Dataset entries →
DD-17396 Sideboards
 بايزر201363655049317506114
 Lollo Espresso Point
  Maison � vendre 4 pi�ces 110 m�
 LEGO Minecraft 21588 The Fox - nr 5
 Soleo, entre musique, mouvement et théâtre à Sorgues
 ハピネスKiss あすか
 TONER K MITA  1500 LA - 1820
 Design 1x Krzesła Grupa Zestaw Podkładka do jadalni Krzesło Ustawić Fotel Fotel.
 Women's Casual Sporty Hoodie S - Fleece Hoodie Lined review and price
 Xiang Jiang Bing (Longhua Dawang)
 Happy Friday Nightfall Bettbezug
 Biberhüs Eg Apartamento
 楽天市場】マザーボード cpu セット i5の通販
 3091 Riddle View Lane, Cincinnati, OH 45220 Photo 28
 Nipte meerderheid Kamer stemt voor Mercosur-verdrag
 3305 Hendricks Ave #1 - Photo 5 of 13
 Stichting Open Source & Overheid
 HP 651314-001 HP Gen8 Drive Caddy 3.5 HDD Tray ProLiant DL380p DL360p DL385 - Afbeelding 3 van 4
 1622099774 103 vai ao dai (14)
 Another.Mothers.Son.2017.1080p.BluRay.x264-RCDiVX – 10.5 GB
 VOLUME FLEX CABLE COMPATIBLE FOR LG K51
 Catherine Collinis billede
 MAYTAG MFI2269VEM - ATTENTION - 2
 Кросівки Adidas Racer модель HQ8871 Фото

Your goal →
Word for word, give back all of the records.

Task response →
DD-17396 Sideboards
 بايزر201363655049317506114
 Lollo Espresso Point
  Maison � vendre 4 pi�ces 110 m�
 LEGO Minecraft 21588 The Fox - nr 5
 Soleo, entre musique, mouvement et théâtre à Sorgues
 ハピネスKiss あすか
 TONER K MITA  1500 LA - 1820
 Design 1x Krzesła Grupa Zestaw Podkładka do jadalni Krzesło Ustawić Fotel Fotel.
 Women's Casual Sporty Hoodie S - Fleece Hoodie Lined review and price
 Xiang Jiang Bing (Longhua Dawang)
 Happy Friday Nightfall Bettbezug
 Biberhüs Eg Apartamento
 楽天市場】マザーボード cpu セット i5の通販
 3091 Riddle View Lane, Cincinnati, OH 45220 Photo 28
 Nipte meerderheid Kamer stemt voor Mercosur-verdrag
 3305 Hendricks Ave #1 - Photo 5 of 13
 Stichting Open Source & Overheid
 HP 651314-001 HP Gen8 Drive Caddy 3.5 HDD Tray ProLiant DL380p DL360p DL385 - Afbeelding 3 van 4
 1622099774 103 vai ao dai (14)
 Another.Mothers.Son.2017.1080p.BluRay.x264-RCDiVX – 10.5 GB
 VOLUME FLEX CABLE COMPATIBLE FOR LG K51
 Catherine Collinis billede
 MAYTAG MFI2269VEM - ATTENTION - 2
 Кросівки Adidas Racer модель HQ8871 Фото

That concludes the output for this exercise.